[Records excerpted from a collection]
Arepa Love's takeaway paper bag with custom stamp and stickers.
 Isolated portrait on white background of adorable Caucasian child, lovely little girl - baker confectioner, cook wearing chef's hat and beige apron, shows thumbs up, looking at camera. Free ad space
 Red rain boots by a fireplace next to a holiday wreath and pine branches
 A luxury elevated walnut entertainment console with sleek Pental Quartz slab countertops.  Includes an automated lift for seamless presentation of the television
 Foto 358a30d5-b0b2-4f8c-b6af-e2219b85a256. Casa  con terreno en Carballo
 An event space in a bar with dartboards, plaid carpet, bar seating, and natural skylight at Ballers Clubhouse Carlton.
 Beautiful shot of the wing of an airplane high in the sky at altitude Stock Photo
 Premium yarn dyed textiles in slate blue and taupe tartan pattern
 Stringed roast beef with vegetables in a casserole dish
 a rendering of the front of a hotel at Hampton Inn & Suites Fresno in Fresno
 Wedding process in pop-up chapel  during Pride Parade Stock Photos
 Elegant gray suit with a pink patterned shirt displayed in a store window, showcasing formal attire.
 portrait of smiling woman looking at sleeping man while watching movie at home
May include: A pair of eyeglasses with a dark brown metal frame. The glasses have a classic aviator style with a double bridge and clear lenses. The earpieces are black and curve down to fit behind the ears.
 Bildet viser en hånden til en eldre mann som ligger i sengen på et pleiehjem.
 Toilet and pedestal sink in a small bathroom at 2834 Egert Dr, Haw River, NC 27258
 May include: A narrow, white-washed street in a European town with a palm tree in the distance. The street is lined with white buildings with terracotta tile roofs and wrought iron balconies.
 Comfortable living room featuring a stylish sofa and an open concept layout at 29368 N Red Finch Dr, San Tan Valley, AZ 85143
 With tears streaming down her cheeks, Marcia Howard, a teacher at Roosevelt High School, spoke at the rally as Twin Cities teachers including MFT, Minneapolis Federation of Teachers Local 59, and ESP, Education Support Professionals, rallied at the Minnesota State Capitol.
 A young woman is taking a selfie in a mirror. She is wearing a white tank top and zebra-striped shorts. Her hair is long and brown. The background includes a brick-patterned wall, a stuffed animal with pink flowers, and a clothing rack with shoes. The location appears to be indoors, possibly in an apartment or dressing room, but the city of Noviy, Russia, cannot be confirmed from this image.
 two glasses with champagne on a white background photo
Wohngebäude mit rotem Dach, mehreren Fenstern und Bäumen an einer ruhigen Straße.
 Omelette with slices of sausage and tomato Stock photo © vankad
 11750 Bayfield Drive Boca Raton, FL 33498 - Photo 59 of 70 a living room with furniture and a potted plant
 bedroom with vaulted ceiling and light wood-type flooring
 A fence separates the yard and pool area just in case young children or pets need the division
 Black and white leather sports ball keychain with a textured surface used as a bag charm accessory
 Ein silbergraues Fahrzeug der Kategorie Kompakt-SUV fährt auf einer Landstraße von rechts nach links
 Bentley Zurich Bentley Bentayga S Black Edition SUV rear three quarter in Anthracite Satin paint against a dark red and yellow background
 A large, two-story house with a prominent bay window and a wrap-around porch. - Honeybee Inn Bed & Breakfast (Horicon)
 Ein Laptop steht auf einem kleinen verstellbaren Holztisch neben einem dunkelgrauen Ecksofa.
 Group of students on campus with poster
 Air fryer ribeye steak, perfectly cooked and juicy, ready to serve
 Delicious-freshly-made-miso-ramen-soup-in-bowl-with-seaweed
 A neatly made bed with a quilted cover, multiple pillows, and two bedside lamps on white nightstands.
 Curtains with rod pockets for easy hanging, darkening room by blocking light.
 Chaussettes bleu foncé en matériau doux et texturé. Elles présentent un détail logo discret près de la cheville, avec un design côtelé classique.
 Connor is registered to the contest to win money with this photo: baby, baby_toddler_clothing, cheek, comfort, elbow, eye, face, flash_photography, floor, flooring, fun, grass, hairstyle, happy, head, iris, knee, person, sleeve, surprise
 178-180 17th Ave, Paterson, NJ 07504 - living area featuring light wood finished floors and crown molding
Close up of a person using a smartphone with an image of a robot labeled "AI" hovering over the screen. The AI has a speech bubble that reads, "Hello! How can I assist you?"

» AIM OF THE EXERCISE:
All lines in the data above from the one with "Stringed roast beef" through the one with "Elegant gray suit" must be repeated exactly, and no others.

» OUTPUT FOR THIS TASK:
 Stringed roast beef with vegetables in a casserole dish
 a rendering of the front of a hotel at Hampton Inn & Suites Fresno in Fresno
 Wedding process in pop-up chapel  during Pride Parade Stock Photos
 Elegant gray suit with a pink patterned shirt displayed in a store window, showcasing formal attire.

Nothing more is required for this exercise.